Friday, May 13, 2016
It's too bad that law school finals are over because this situation has all of the labor and employment bases covered. The ACLU and the Colorado law firm of Holwell Shuster & Goldberg have filed charges with the EEOC on behalf of four pilots who argue that the airline's policies discriminate against women by failing to provide accommodations related to pregnancy and breast feeding. You can download the charges from that link if you are interested in the details.
Essentially, the charges allege that pregnant pilots are forced to take unpaid leave beginning as early as 10 weeks before their due dates and are then allowed up to 120 days after delivery of unpaid leave. Those who are nursing when they return are not accommodated at the airports nor allowed to express milk during flights, according to the charges. Three of the four women suffered mastitis as a result of the lack of accommodations. The pilots have proposed a number of accommodations like temporary non-flying assignments that would allow women to work longer before delivery and to allow for easier accommodation of milk expression, extension of maternity leave for women who want it, and designated places where the women could pump in airports Frontier uses and on the plane when necessary. According to NPR, the airline asserts that there are locations for expressing milk in airports that comply with federal and state law.

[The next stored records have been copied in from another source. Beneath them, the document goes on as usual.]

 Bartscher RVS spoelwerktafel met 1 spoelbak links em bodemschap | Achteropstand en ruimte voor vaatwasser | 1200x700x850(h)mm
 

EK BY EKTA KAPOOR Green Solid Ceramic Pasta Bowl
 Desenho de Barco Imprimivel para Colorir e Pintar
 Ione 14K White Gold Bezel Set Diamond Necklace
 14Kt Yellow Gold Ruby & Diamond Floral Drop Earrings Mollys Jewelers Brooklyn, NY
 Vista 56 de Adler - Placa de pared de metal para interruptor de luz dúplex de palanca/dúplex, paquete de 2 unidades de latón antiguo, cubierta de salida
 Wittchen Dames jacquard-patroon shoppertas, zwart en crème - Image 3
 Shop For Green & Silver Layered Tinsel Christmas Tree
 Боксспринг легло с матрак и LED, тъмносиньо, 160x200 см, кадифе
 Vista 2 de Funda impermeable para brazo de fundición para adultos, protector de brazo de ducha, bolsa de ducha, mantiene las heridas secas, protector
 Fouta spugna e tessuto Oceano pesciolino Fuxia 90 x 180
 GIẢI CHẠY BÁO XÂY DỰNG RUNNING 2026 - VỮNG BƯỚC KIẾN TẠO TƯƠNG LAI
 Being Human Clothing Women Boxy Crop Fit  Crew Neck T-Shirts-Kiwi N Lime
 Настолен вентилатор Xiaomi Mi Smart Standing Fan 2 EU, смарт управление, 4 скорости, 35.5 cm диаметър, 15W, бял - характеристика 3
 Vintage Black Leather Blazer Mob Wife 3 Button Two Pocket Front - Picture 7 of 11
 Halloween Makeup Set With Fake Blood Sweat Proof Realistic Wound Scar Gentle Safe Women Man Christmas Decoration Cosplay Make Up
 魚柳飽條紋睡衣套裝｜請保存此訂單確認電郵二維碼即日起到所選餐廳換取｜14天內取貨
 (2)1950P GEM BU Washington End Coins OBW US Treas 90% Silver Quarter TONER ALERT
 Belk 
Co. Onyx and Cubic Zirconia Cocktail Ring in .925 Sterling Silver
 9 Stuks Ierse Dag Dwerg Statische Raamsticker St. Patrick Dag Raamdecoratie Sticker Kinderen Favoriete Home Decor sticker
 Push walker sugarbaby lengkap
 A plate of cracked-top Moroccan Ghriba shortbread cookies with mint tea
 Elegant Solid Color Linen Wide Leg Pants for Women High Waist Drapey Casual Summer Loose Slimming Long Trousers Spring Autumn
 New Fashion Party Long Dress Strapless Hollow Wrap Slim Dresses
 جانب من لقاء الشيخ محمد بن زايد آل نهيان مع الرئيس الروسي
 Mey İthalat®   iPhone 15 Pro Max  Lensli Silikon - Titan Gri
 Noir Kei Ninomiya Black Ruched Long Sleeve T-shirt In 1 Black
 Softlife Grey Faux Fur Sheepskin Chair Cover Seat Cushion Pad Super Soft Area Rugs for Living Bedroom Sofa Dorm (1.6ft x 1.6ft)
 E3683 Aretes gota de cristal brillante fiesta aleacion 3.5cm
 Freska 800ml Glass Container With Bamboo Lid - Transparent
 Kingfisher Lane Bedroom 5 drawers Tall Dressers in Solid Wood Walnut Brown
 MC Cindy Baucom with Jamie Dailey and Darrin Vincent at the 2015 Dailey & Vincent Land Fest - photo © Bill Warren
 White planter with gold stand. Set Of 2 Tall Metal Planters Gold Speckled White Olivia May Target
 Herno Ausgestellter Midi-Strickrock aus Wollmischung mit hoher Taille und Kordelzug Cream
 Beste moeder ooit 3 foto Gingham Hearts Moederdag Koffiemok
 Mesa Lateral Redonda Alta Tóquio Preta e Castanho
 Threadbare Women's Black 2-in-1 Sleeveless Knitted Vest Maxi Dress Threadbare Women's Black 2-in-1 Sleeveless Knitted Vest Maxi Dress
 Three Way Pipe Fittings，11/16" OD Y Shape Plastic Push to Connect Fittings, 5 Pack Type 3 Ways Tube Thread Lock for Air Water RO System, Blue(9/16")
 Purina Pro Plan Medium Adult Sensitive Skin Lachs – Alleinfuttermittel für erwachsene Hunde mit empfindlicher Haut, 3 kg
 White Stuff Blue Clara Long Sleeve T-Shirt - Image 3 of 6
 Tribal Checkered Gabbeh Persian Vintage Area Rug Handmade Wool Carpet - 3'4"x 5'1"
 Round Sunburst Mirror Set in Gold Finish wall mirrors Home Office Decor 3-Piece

Although the charges themselves really only deal with Title VII (although they also mention Colorado's Fair Employment Practices Act and Colorado's Workplace Accommodation of Nursing Mothers Act), the lack of accommodations may also violate the FLSA (as amended by the Patient Protection and Affordable Care Act). In addition, the workplace is governed by a collective bargaining agreement, which has rules setting out non-flying reassignments, but only for on-the-job injuries.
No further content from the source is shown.